Drift and ground track control[edit | edit source]
Whenever any object is free from the ground, it is affected by the medium with which it is surrounded. This means that a free object will move in whatever direction and speed that the medium moves.
For example, if a powerboat is crossing a river and the river is still, the boat could head directly to a point on the opposite shore and travel on a straight course to that point without drifting. However, if the river were flowing swiftly, the water current would have to be considered. That is, as the boat progresses forward with its own power, it must also move upstream at the same rate the river is moving it downstream. This is accomplished by angling the boat upstream sufficiently to counteract the downstream flow. If this is done, the boat will follow the desired track across the river from the departure point directly to the intended destination point. Should the boat not be headed sufficiently upstream, it would drift with the current and run aground at some point downstream on the opposite bank. [Figure 6-1]

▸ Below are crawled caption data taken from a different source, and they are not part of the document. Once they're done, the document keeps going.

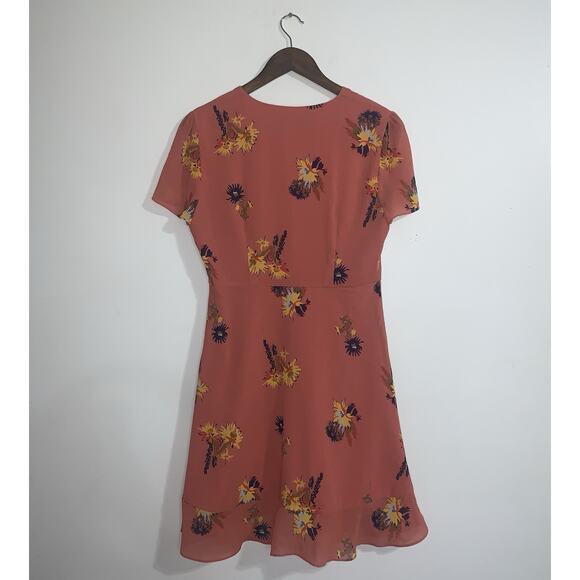 Madewell Posy Cactus Flower Wrap Dress In Spiced Rose Size 4 Short Sleeve - Picture 5 of 12
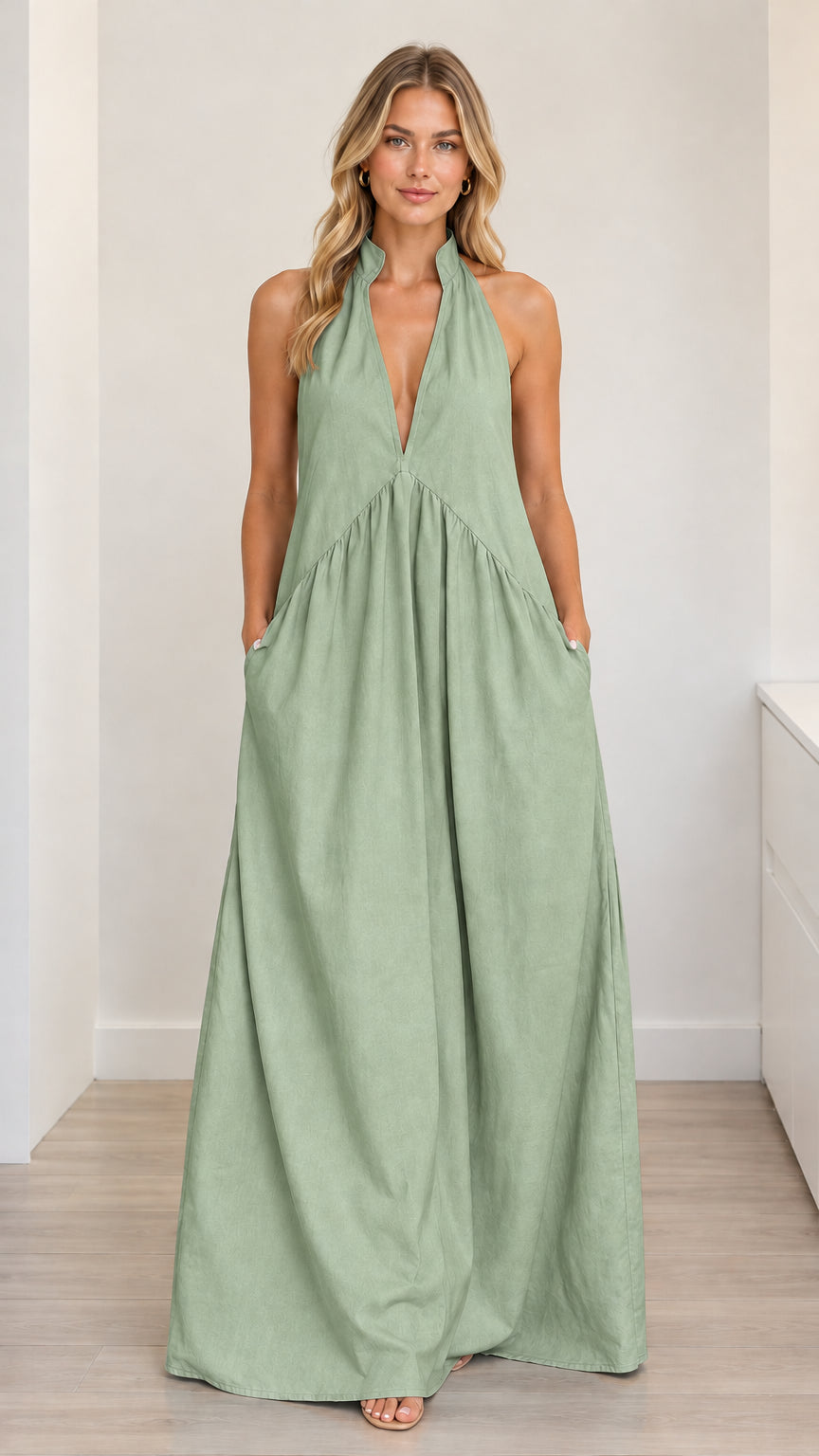 Sage green halter V-neck floor-length maxi dress front view with pockets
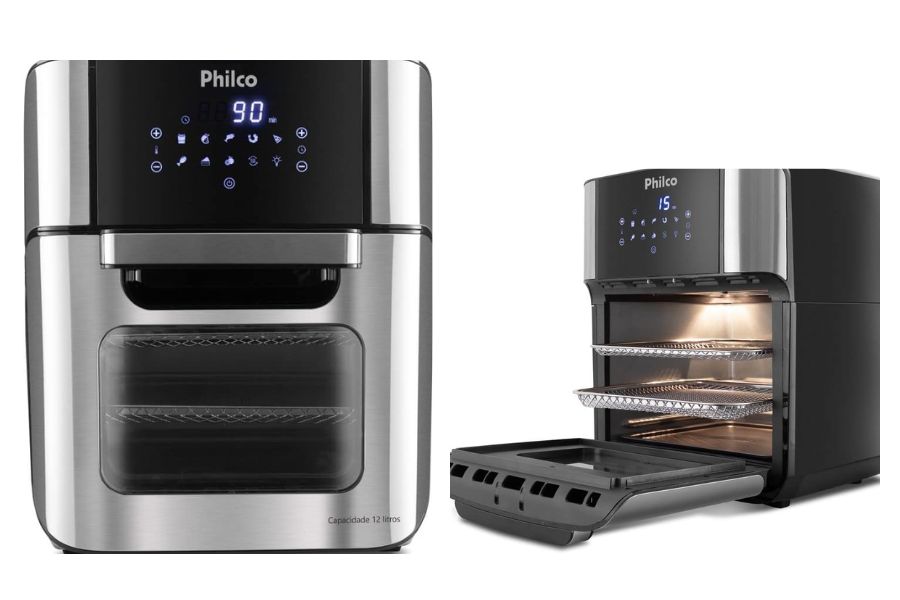 Air Fryer Philco Oven 12Litros preta modelo PRF2200P.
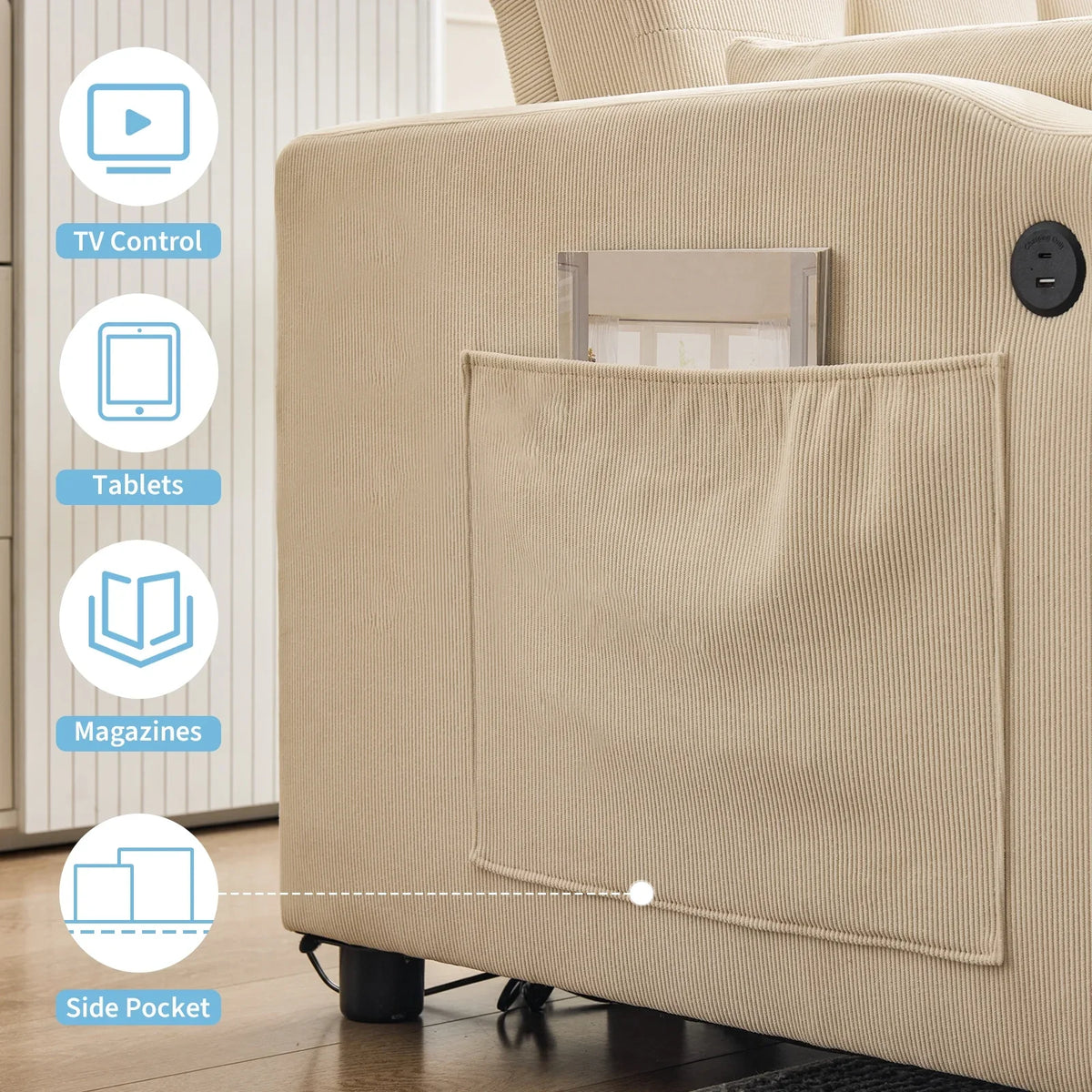 3 in 1 Convertible Sleeper Sofa Bed, Corduroy Futon Couches with Pull-Out Bed, Adjustable Backrest, Charging Port & Side Pockets, Modern Upholstered Sofa for Living Room, Guest Room - image 18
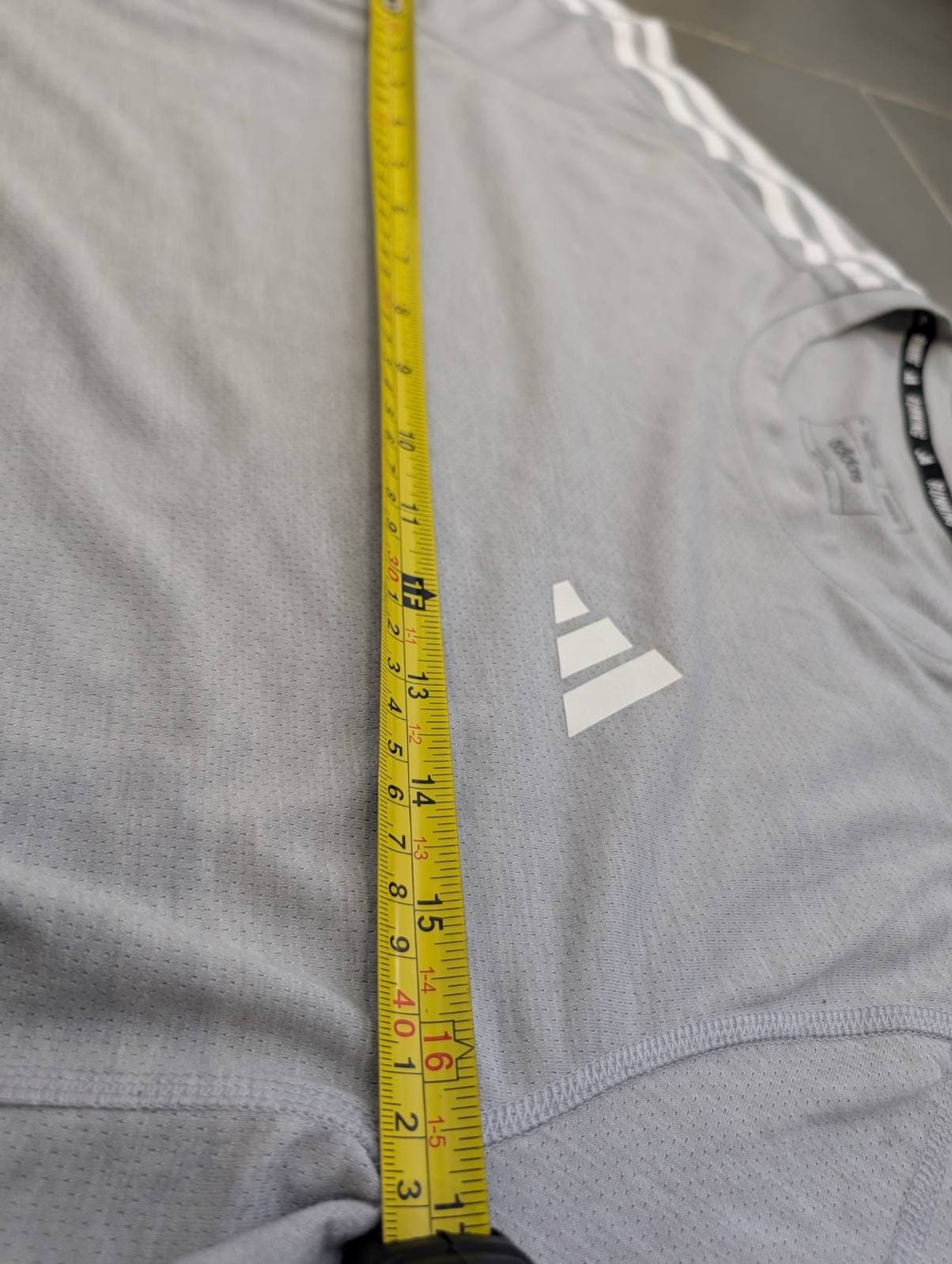 Adidas Own The Run 3-Stripes Tee - Men's Grey Running Shirt Size S — photo 8 of 9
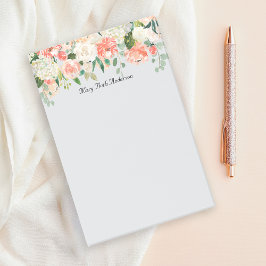 Perzik en witte Waterverf Bloemen Post-it® Notes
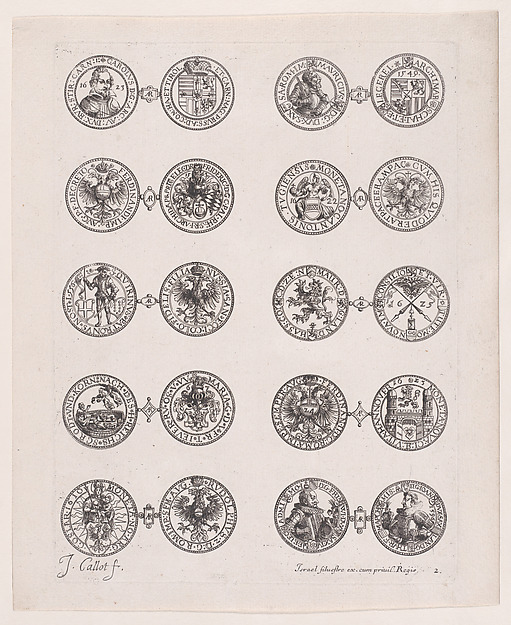 Jacques Callot, Plate 2, Featuring 10 Coins Issued by European Princes in the 16th and 17th centuries, from "Les Monnaies" (The Currencies)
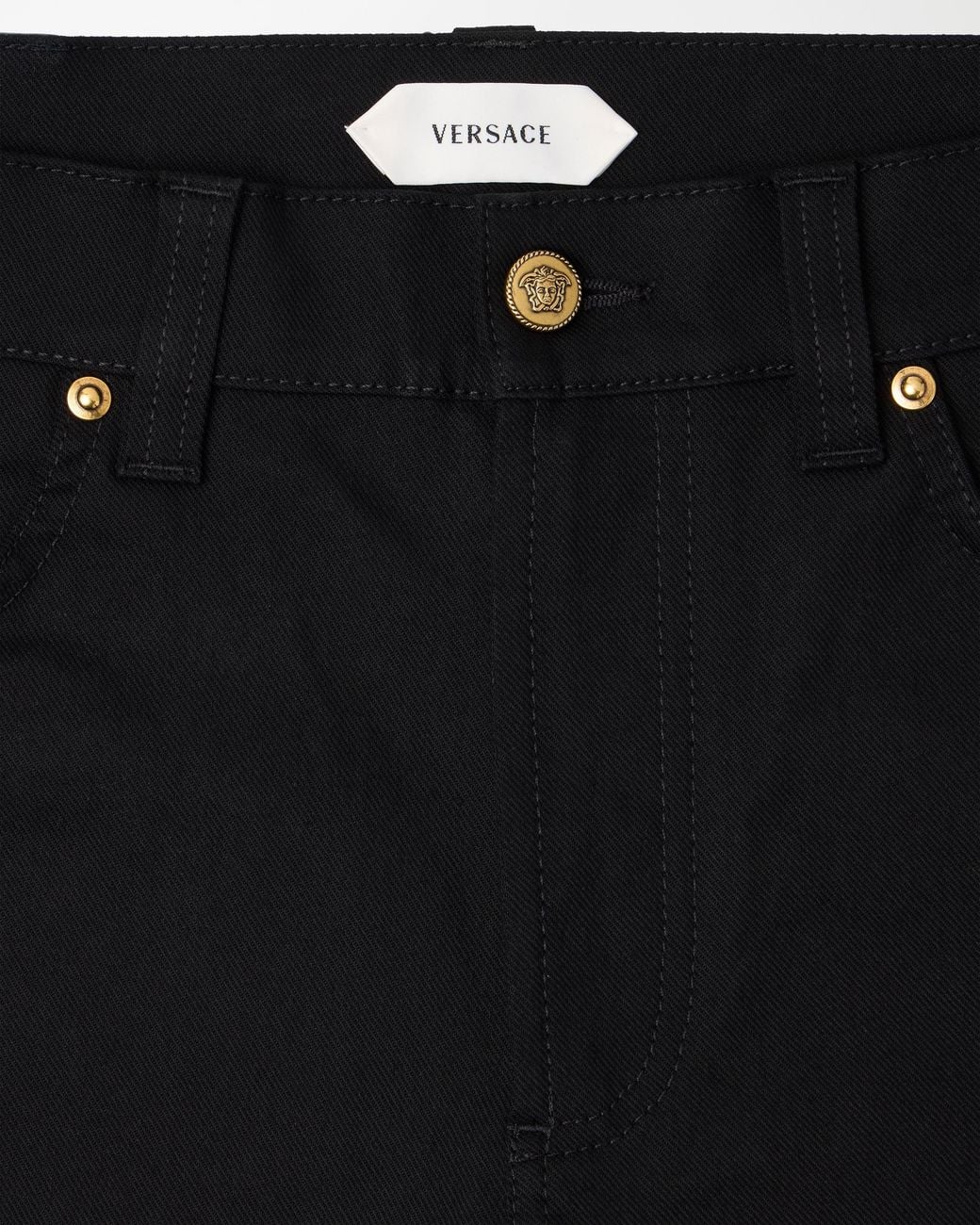 Versace Black Embroidered Slim Jeans for men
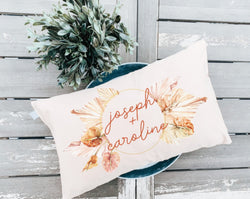 Personalized Name Pillow - Custom Name Boho Wreath Room Decor Pillow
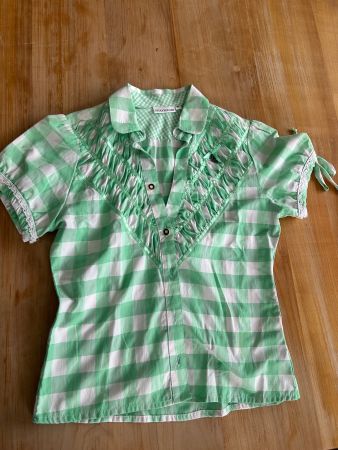 Trachtenbluse kariert grün/weiss, Grösse 36, Guter Zustand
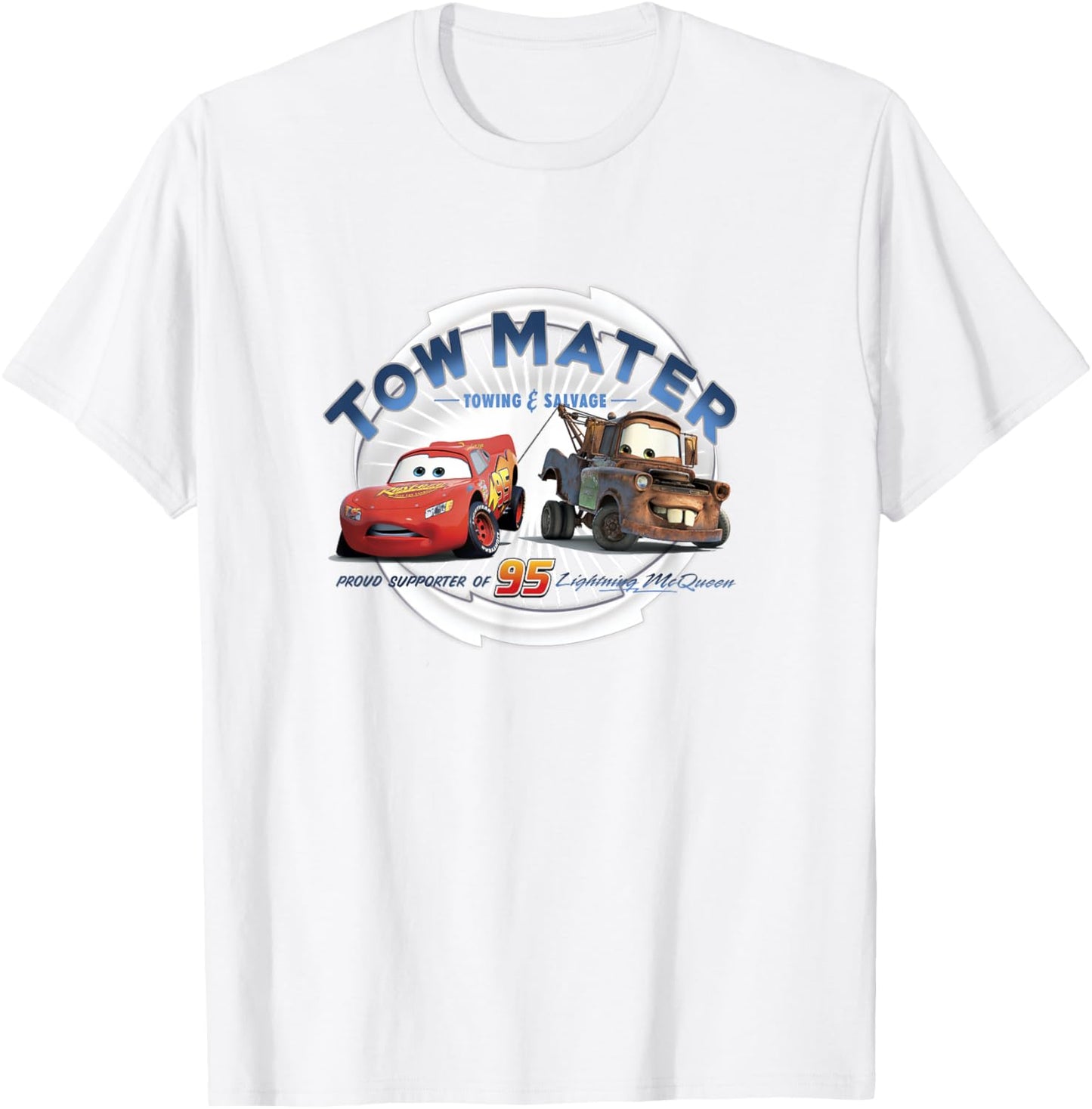 Disney Pixar Cars Tow Mater Towing & Salvage Buddies Shot V2 T-Shirt - T-Shirt | White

As soon as an airplane becomes airborne, it is free of ground friction. Its path is then affected by the air mass in which it is flying; therefore, the airplane (like the boat) will not always track along the ground in the exact direction that it is headed. When flying with the longitudinal axis of the airplane aligned with a road, it may be noted that the airplane gets closer to or farther from the road without any turn having been made. This would indicate that the air mass is moving sideward in relation to the airplane. Since the airplane is flying within this moving body of air (wind), it moves or drifts with the air in the same direction and speed, just like the boat moved with the river current. [Figure 6-1]
When flying straight and level and following a selected ground track, the preferred method of correcting for wind drift is to head the airplane (wind correction angle) sufficiently into the wind to cause the airplane to move forward into the wind at the same rate the wind is moving it sideways. Depending on the wind velocity, this may require a large wind correction angle or one of only a few degrees. When the drift has been neutralized, the airplane will follow the desired ground track.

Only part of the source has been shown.